▶ [Exercise directions]
Pictures do not belong in the output. Reproduce exactly the lines from the start of the records through the line with "Soft Surroundings Pastel".

---- The data

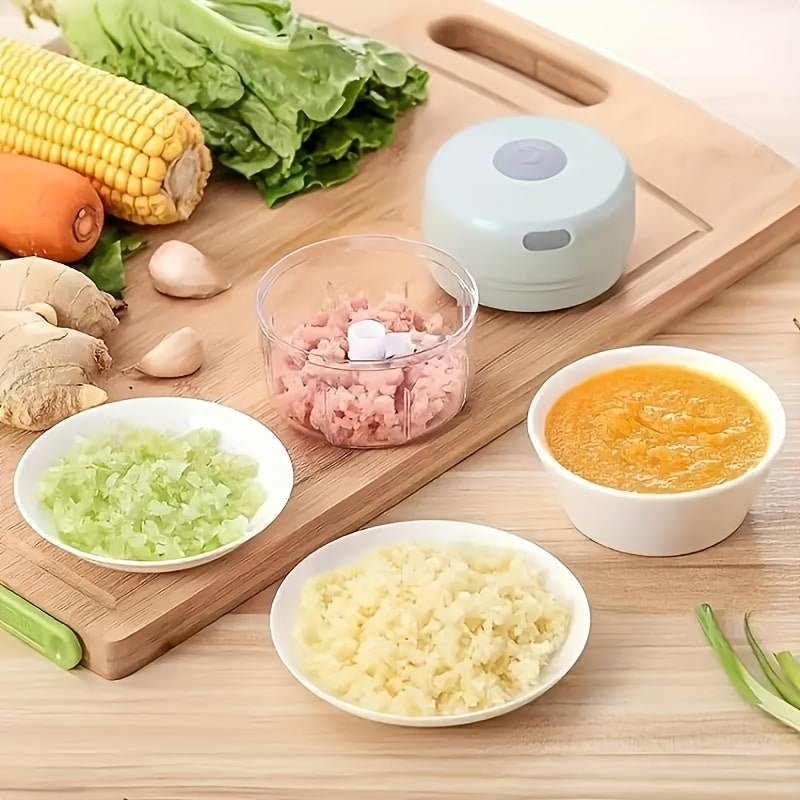 GREEN Mini Electric Garlic Chopper, Meat Grinder, and Vegetable Chopper, USB Rechargeable Mini Food Blender, Efficient Small Food Processor, Suitable for Ginger, Chili, Fruits, and Meat
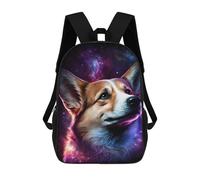 sinyumoney Cosmic Corgi Portrait-13 Rucksacks 3D Printed Children 17inch Backpacks Fashion Casual Daypack Travel Bags Outdoor Casual Daypack for Boy And Girl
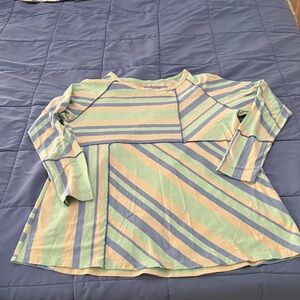 Soft Surroundings Pastel Striped Long Sleeve Top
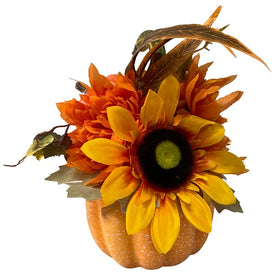 14.75" Yellow Sunflower and Mum Filled Pumpkin Thanksgiving Decor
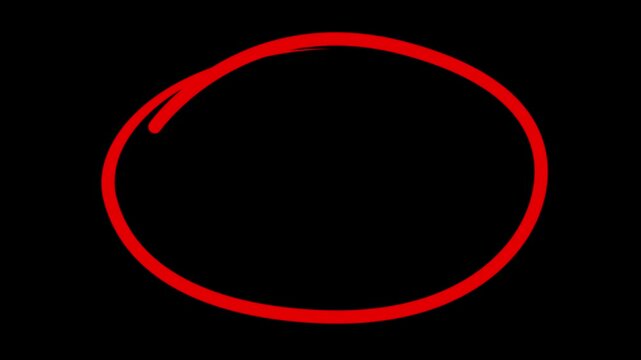 Circle marker with drawing, red marker pen style, doodle red circle marker and underline stroke, Red Circle Highlighter Scribble Animation on transparent background. wrong round shape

--------

▶ [Exercise output]
 GREEN Mini Electric Garlic Chopper, Meat Grinder, and Vegetable Chopper, USB Rechargeable Mini Food Blender, Efficient Small Food Processor, Suitable for Ginger, Chili, Fruits, and Meat
 sinyumoney Cosmic Corgi Portrait-13 Rucksacks 3D Printed Children 17inch Backpacks Fashion Casual Daypack Travel Bags Outdoor Casual Daypack for Boy And Girl
 Soft Surroundings Pastel Striped Long Sleeve Top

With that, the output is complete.